Muscles of the Nose, Ear, and Neck
The nasalis covers the bridge and sides of your nose. One part flares your nostrils open during heavy breathing; the other compresses them. It’s a subtle muscle, but you’ll notice it working when someone wrinkles their nose.
Humans still have small muscles around the ears, the auricularis anterior, superior, and posterior, though most people can’t control them voluntarily. In other mammals these muscles rotate the ear toward sounds. In humans, they’re largely vestigial, though some people can learn to wiggle their ears using them.
The platysma is a broad, thin sheet of muscle that stretches from your chest and shoulders up over your neck to your lower jaw. It pulls the corners of your mouth downward and tenses the skin of the neck. You can see it working when someone grimaces or strains. It’s controlled by the cervical branch of the facial nerve, making it technically part of the facial expression group even though it lives in the neck.
How Expressions Use Multiple Muscles Together
No facial expression relies on a single muscle. A genuine smile involves the zygomaticus major pulling the mouth corners up while the orbicularis oculi crinkles the skin around the eyes. A “polite” smile that uses only the mouth muscles and leaves the eyes still is visibly different, which is why researchers sometimes call the real version a Duchenne smile.
Surprise recruits the frontalis to raise the eyebrows and the orbicularis oculi to widen the eyes, while the jaw drops open. Anger draws the corrugator supercilii and procerus together to furrow the brow, tightens the orbicularis oris, and may flare the nasalis. Sadness engages the depressor anguli oris to pull the mouth corners down while the inner part of the frontalis raises the inner eyebrows, creating that characteristic triangular brow shape.

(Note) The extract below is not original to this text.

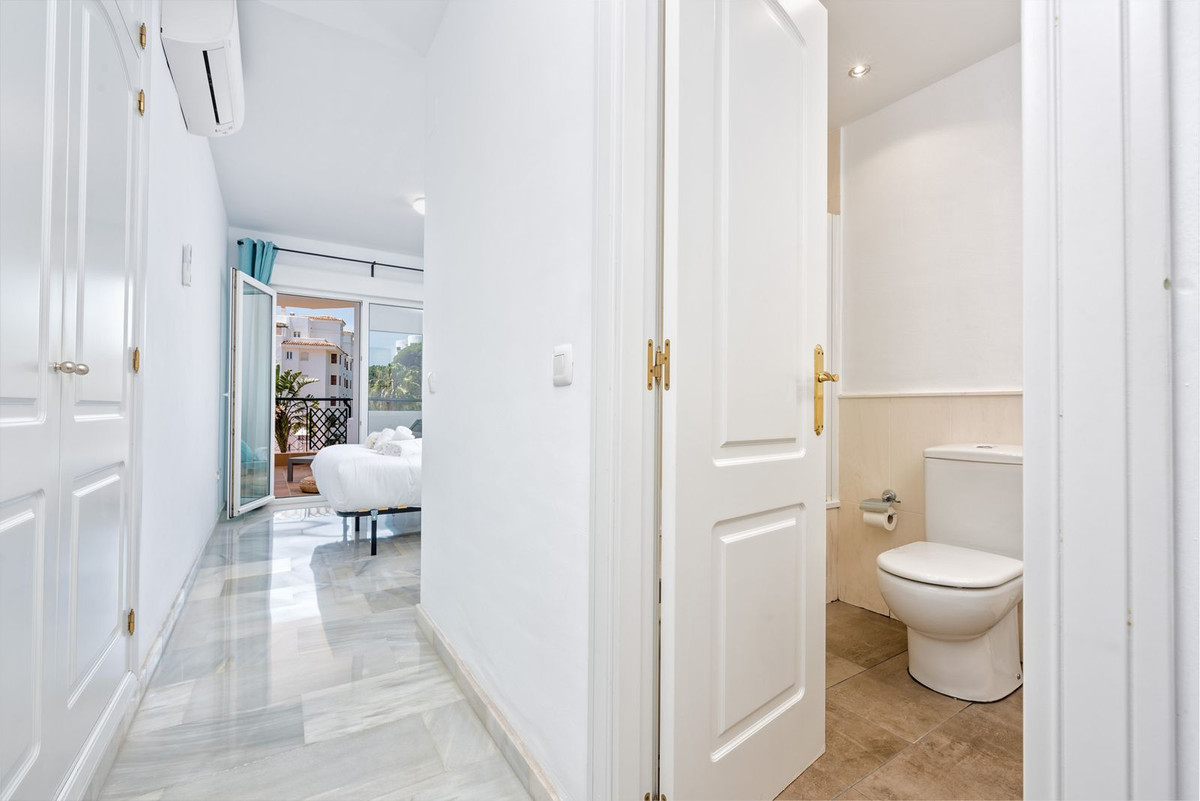 2 Bed Apartment for sale in Calahonda Costa Del Sol, Málaga, Spain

These coordinated patterns are remarkably consistent across cultures, which is part of why facial expressions are such a powerful communication tool. Your face can produce thousands of distinct combinations from just 20 or so muscles.
What Happens When These Muscles Stop Working
Because all the muscles of facial expression are controlled by one nerve, damage to that nerve can be dramatic. Bell’s palsy is the most common example. It causes sudden weakness or paralysis on one side of the face, resulting in a drooping eyebrow, a sagging mouth corner, difficulty closing one eyelid, and drooling from one side. People with Bell’s palsy may also experience facial pain, changes in taste, sensitivity to loud sounds, and excessive tearing in one eye.
Doctors check for Bell’s palsy by testing upper and lower facial muscle movement on both sides of the face, including the forehead, eyelid, and mouth. Because the facial nerve also passes through the middle ear, damage can affect a tiny muscle called the stapedius that normally dampens loud sounds, which explains the noise sensitivity some patients report.
Cosmetic Relevance
Cosmetic injections that temporarily relax facial muscles target very specific members of this group. Frown lines between the eyebrows are treated by relaxing the corrugator supercilii, procerus, and depressor supercilii. Horizontal forehead lines are addressed by targeting the frontalis. Crow’s feet are reduced by treating the outer fibers of the orbicularis oculi. The goal is to weaken just enough muscle activity to smooth wrinkles while preserving natural expression, which requires precise knowledge of where each muscle sits and what it does.